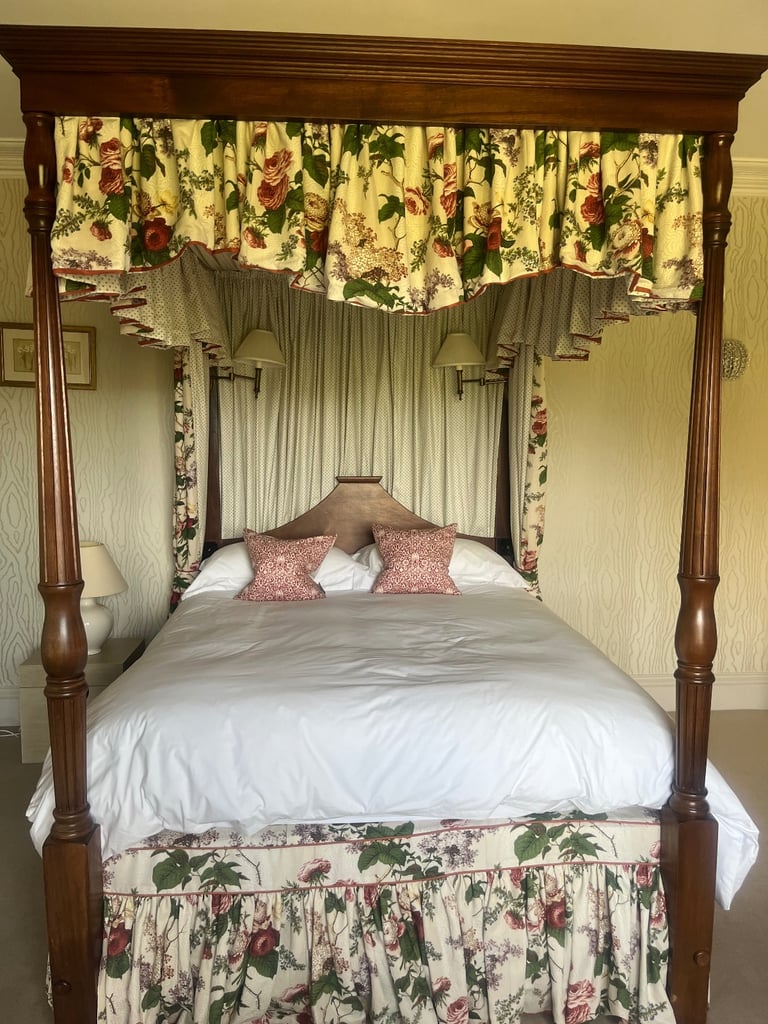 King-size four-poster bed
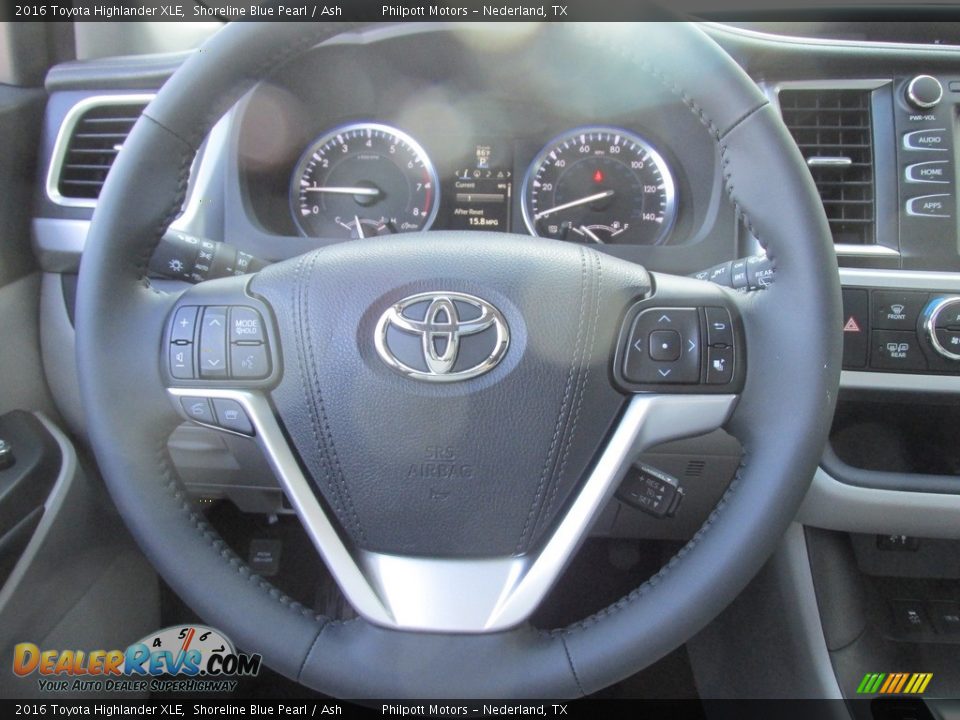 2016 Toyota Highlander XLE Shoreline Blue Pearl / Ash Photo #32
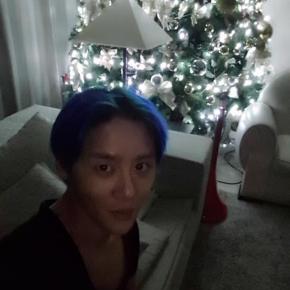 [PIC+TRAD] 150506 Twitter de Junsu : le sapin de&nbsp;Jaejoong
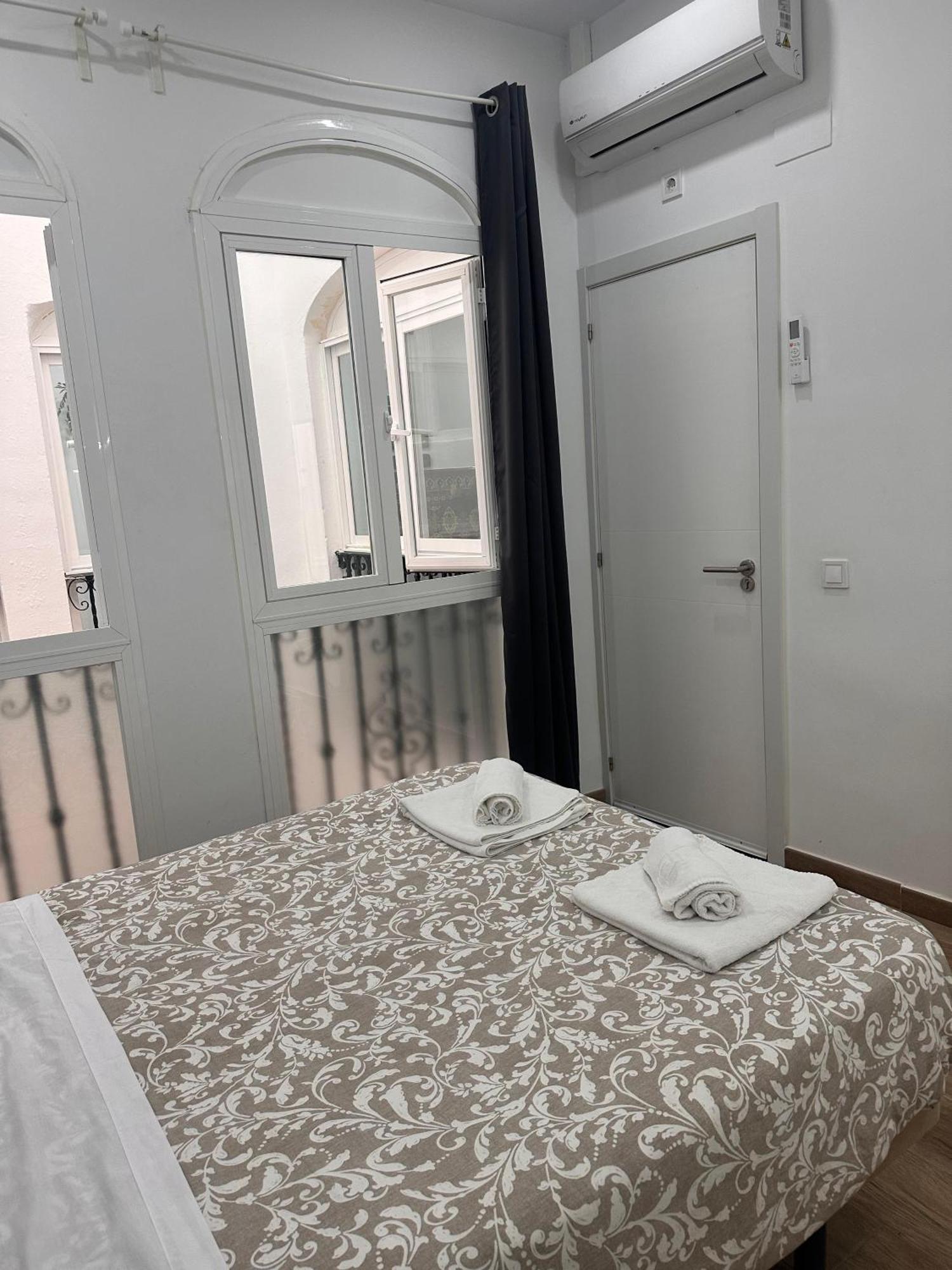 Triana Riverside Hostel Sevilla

*Exercise details*.
Copy out every line of the data above, taking care to leave the pictures out.

*Answer*.
 King-size four-poster bed
 2016 Toyota Highlander XLE Shoreline Blue Pearl / Ash Photo #32
 [PIC+TRAD] 150506 Twitter de Junsu : le sapin de&nbsp;Jaejoong
 Triana Riverside Hostel Sevilla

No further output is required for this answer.